The San Diego County Water Authority’s Board of Directors on Thursday continued reviewing the financial details of a proposed contract to buy water from a planned seawater desalination plant in Carlsbad, and it heard answers to a range of questions raised by residents about the proposed contract at two special public meetings this month.
Public Review of Proposed WPA
The board plans to consider the public-private partnership project at its special meetings November 8 and 15, and the earliest a vote could occur is November 29. The Water Purchase Agreement was reached after nearly a year of negotiations. It sets terms for securing this new, drought-proof water supply while protecting Water Authority ratepayers by assigning appropriate development and operations risks to the private developer, Poseidon Resources.

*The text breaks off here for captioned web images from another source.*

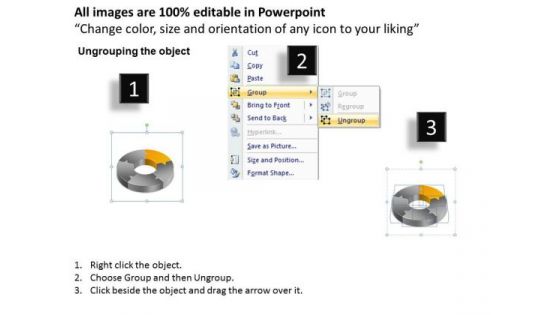 PowerPoint Slides Leadership Circular Chart Ppt Backgrounds
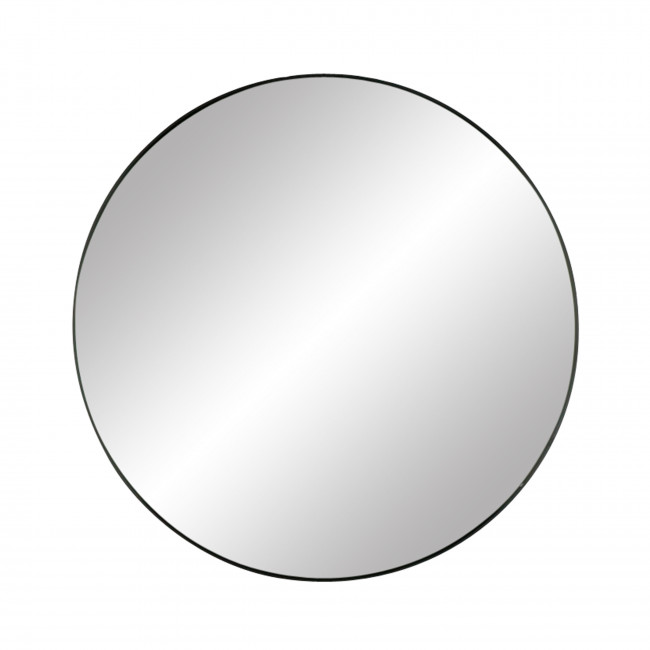 Palace - Miroir rond en métal ø90cm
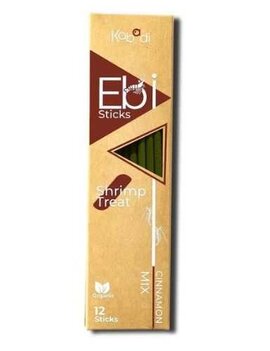 Kabadi aquatic Kabadi Ebi Sticks Cinnamon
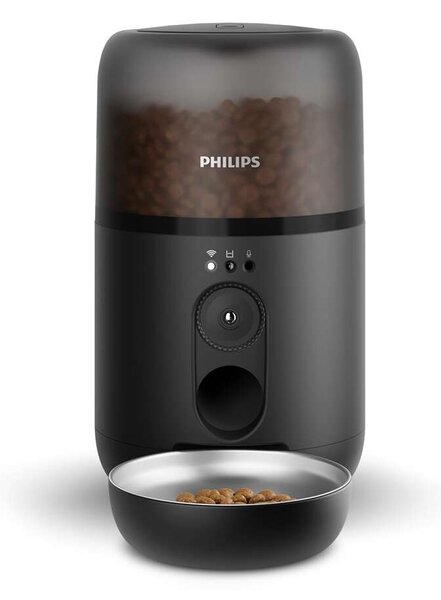 Philips Pet series paw5320/01 automatikus kisállat etető kamerával PAW5320/02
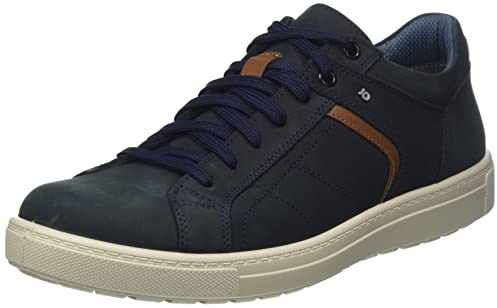 Jomos Blauer Halbschuh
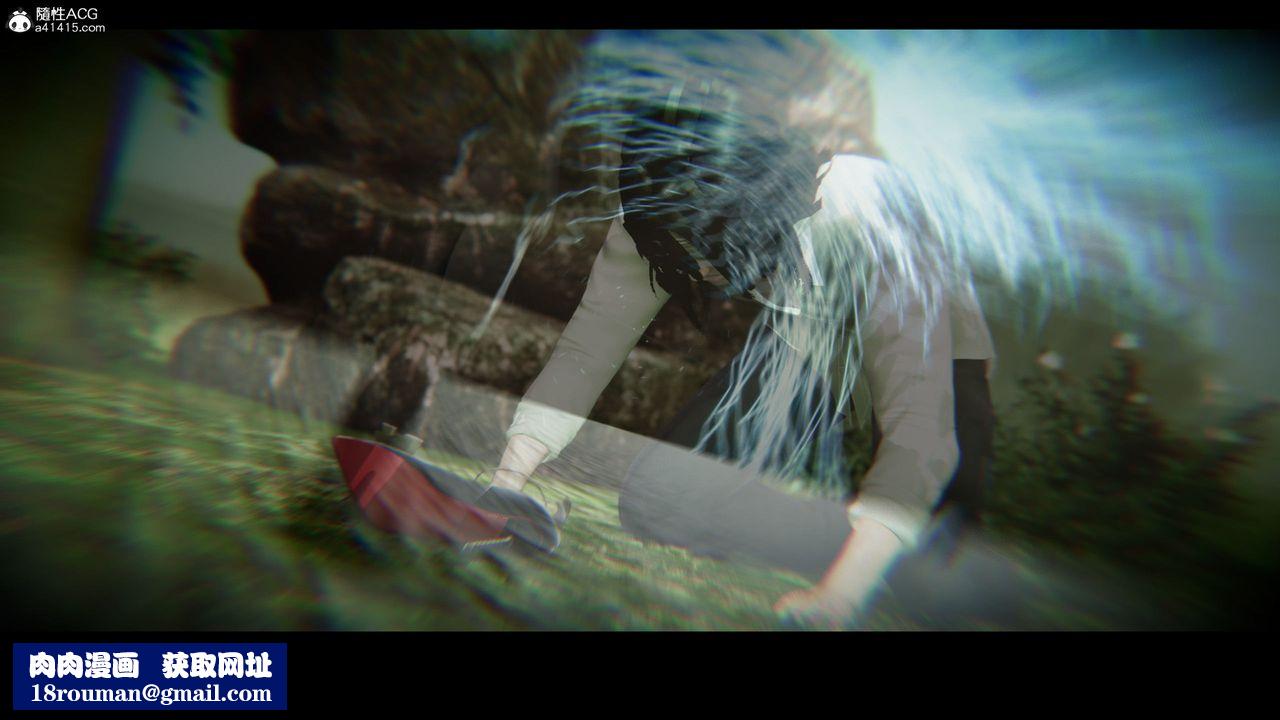 [3D]进击的巨人之败北的少女第07话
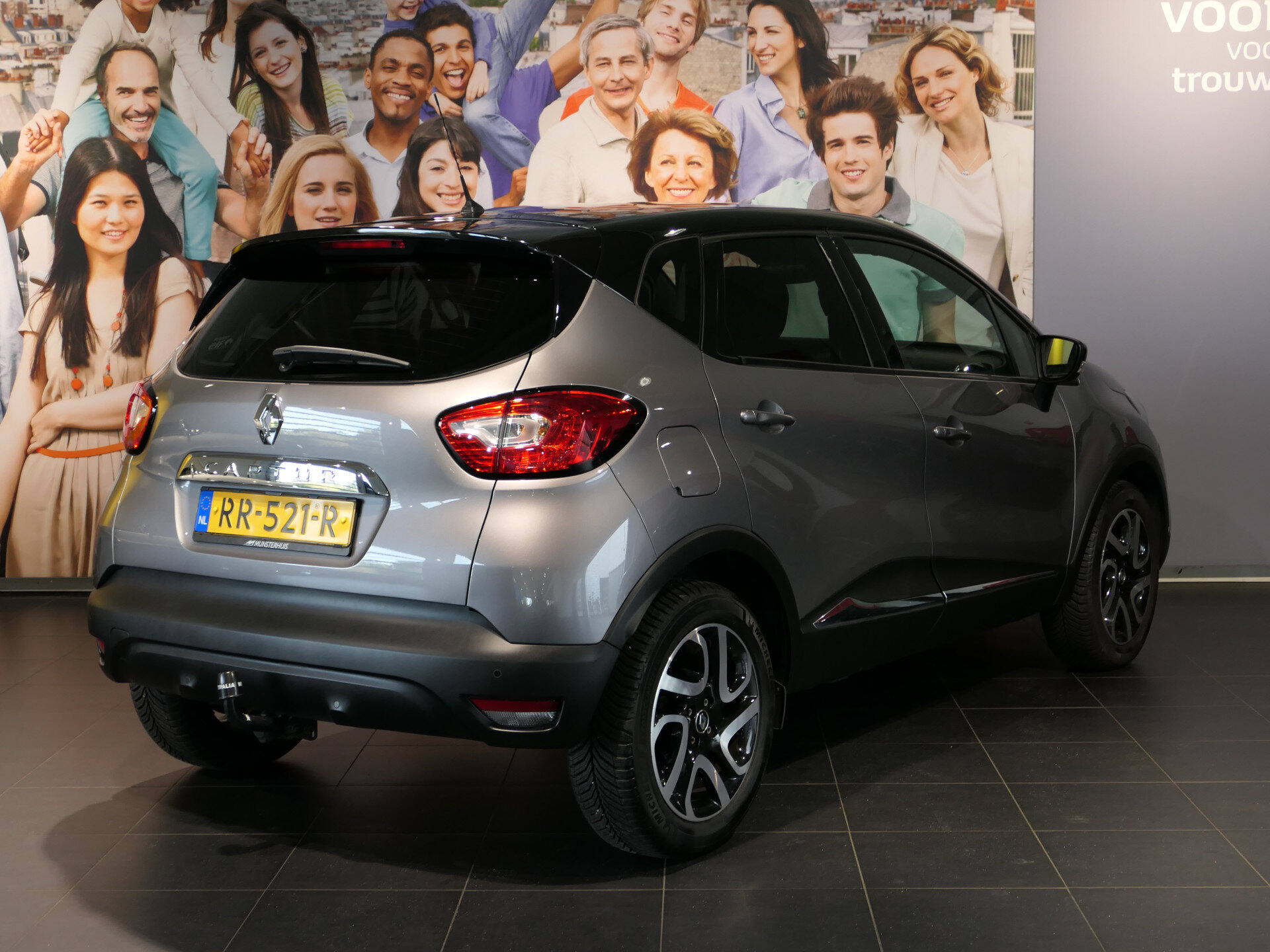 Renault Captur 1.2 TCe Dynamique - Afbeelding 3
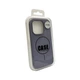 Чохол для смартфона Cosmic Silicone Case Magnetic для iPhone 14 Pro 50, Lavender Grey (SilMag14P-50) - зображення 2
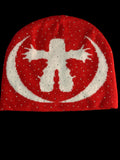 Crimson Pain Beanie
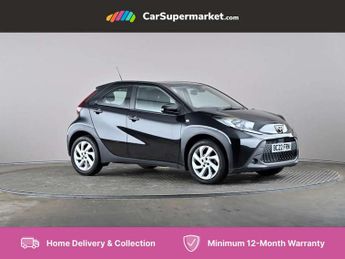 Toyota AYGO 1.0 VVT-i Pure 5dr Auto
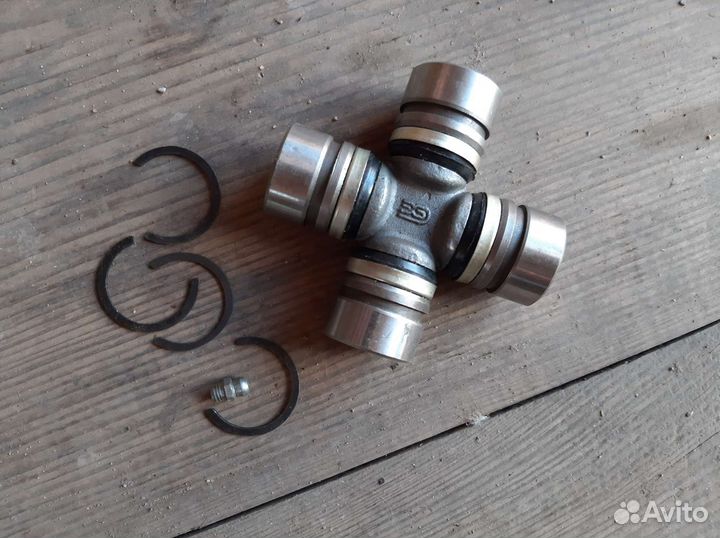 Крестовина карданного вала газ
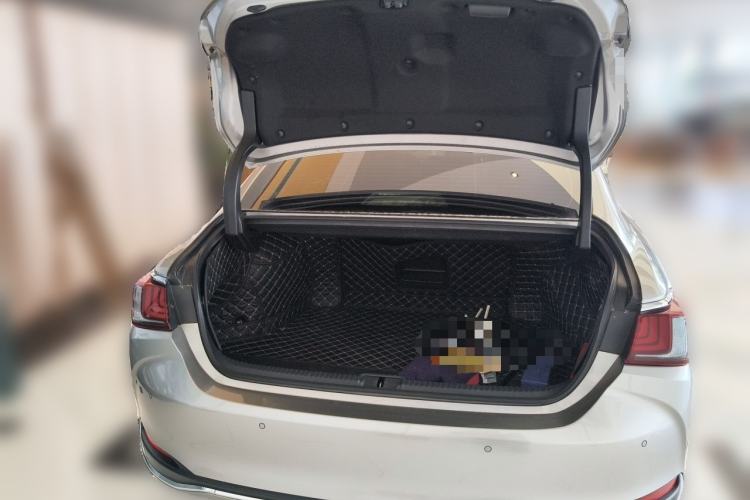 Used Lexus ES 2021 200 Excellence Edition Trunk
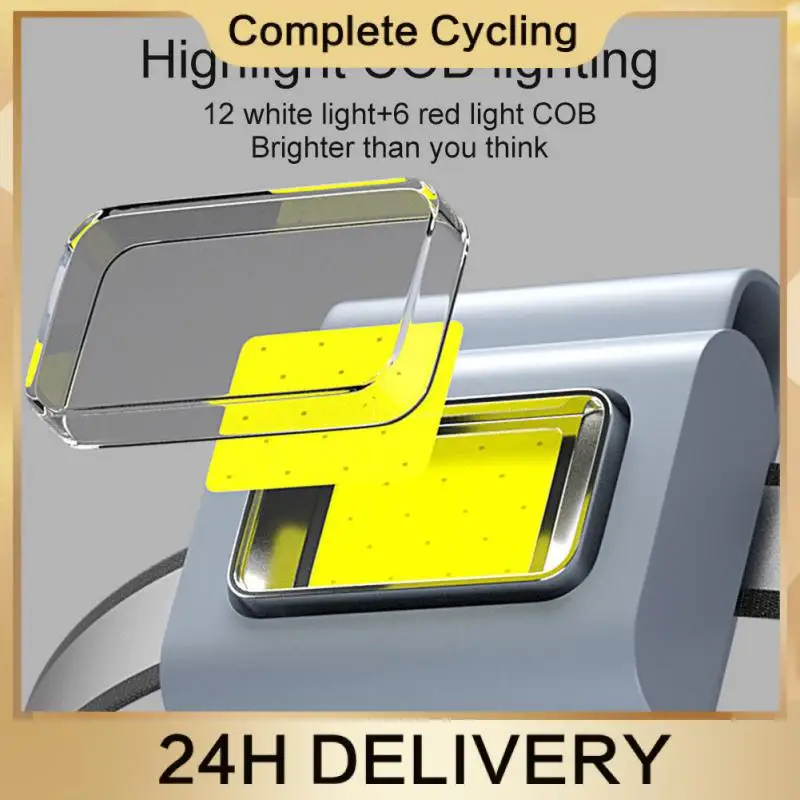 

Фонарик Usb для охоты, велоспорта, скалолазания, ультрамощный портативный светодиодный фонарь, магнитный профессиональный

“It was great to see that the public is so interested in this project and we are taking the comments we heard to heart as we try to balance the costs of the desalination plant with the increased water reliability it offers,” said Thomas V. Wornham, Chairman of the Water Authority’s Board of Directors.
At Thursday’s meeting, Water Authority staff presented additional financial details about the proposed public-private partnership. For Poseidon and its investors, the Water Authority said it has targeted a 9.38 percent internal rate of return for the “equity return charge” component of the water unit price. Poseidon and its investors will provide $164 million in equity to complete the construction financing.
Most of the project’s capital cost – 82 percent – will be financed through tax-exempt bonds as a direct pass-through to the Water Authority at what are currently historic-low interest rates. Poseidon earns no profit on this portion of the project’s financing.
Poseidon’s return on investment will change based on its performance. If the project is completed on time and budget, if it consistently meets the Water Authority’s demand for water and if it is operated efficiently, Poseidon could achieve a return between 10 percent and 13 percent. This range is on the low end of market rates for a comparable investment, according to Water Authority analysis. If construction and operating conditions are not met, Poseidon’s equity return could be substantially lower.
The proposed facility would provide 48,000 to 56,000 acre-feet of desalinated seawater annually – about 50 million gallons per day -- starting as early as 2016.
In 2020, the plant would account for an estimated 7 percent of the total projected regional supply and about one-third of all locally generated water in San Diego County. It would be the largest desalination plant in the Western Hemisphere, and the cost of its water would be similar to other new sources such as indirect potable reuse.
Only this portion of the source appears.